Killing Tourism: Private Charter Operators taken for a ride

The Democratic Alliance (DA) has written (letter here) to the Minister of Tourism, Mmamoloko Kubayi-Ngubane, to request that she convene an urgent meeting with industry stakeholders, to address the imminent collapse of businesses operating in the private charter sector as many are expected to once again pay thousands in annual licensing fees for 2021-2022 despite being unable to operate.

The Covid-19 pandemic and ensuing global lockdown have created dire economic circumstances for many South Africans. For many whose livelihoods depend on tourism, as in the case of private charter operators who depend on international tourism for income, this has been no exception.

Private charter operators are required to pay into the hundreds of thousands for licensing fees in advance annually. Prior to the lockdown in March 2020, operators paid their licensing fees in advance for the year 2020/2021 but were subsequently unable to operate. Despite the fact that some private charter operators are unable to operate, they are now expected to once again fork-out thousands in licensing fees for the upcoming 2021/2022 year. Considering that many private charter operators have generated no income in the last year, they are in no financial position to pay thousands more for licensing fees when there is no certainty that they would be able to operate. The logical step to assist in staving off the collapse of these businesses is to at least allow for the transfer of licensing fees from 2020/2021, for those private charter operators that paid upfront but were unable to generate income, to cover their licensing fees for 2021/2022. Every day that private charter operators are unable to pay licencing fees on their vehicles for the year 2021/2022, they are being penalised which compounds financial strain and for some is accumulating in insurmountable debt.
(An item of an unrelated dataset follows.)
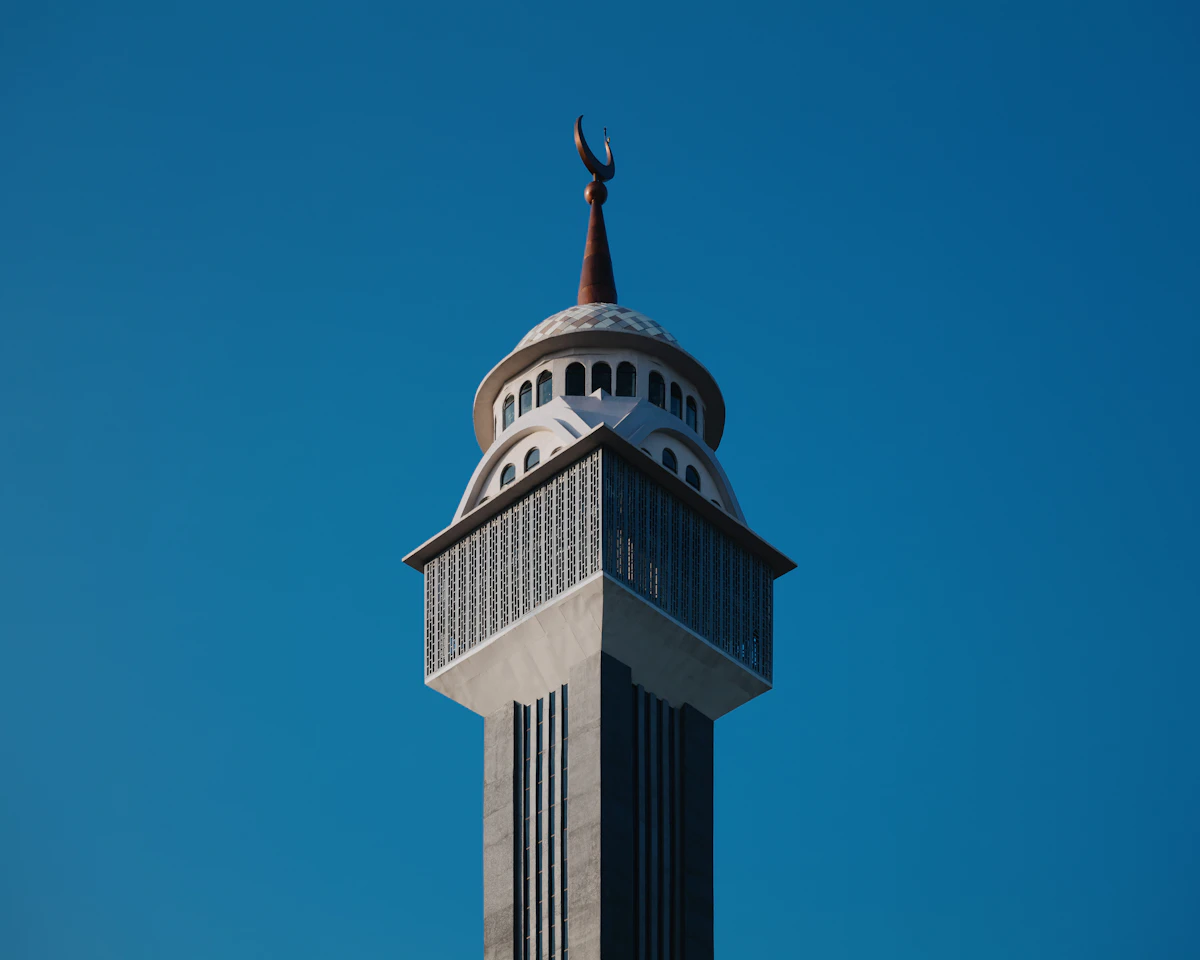 Puncak menara masjid berhias bulan sabit di langit biru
Government has a responsibility to, in as far as it can, alleviate the burden on business during this unprecedented economic crisis. The plight of those worst affected in the private charter space has thus far fallen on deaf ears despite being an integral part of the tourism supply chain and job creation in the sector.

The DA will continue to put pressure on Minister Kubayi-Ngubane to intervene on behalf of the worst hit private charter operators and we will continue to engage and report back to stakeholders. The DA will also write to the Minister of Transport, Fikile Mbalula, to urgently intervene. Tourism will play a significant role in economic recovery once global travel restrictions are relaxed and we must ensure that the sector is intact to facilitate job creation and economic growth.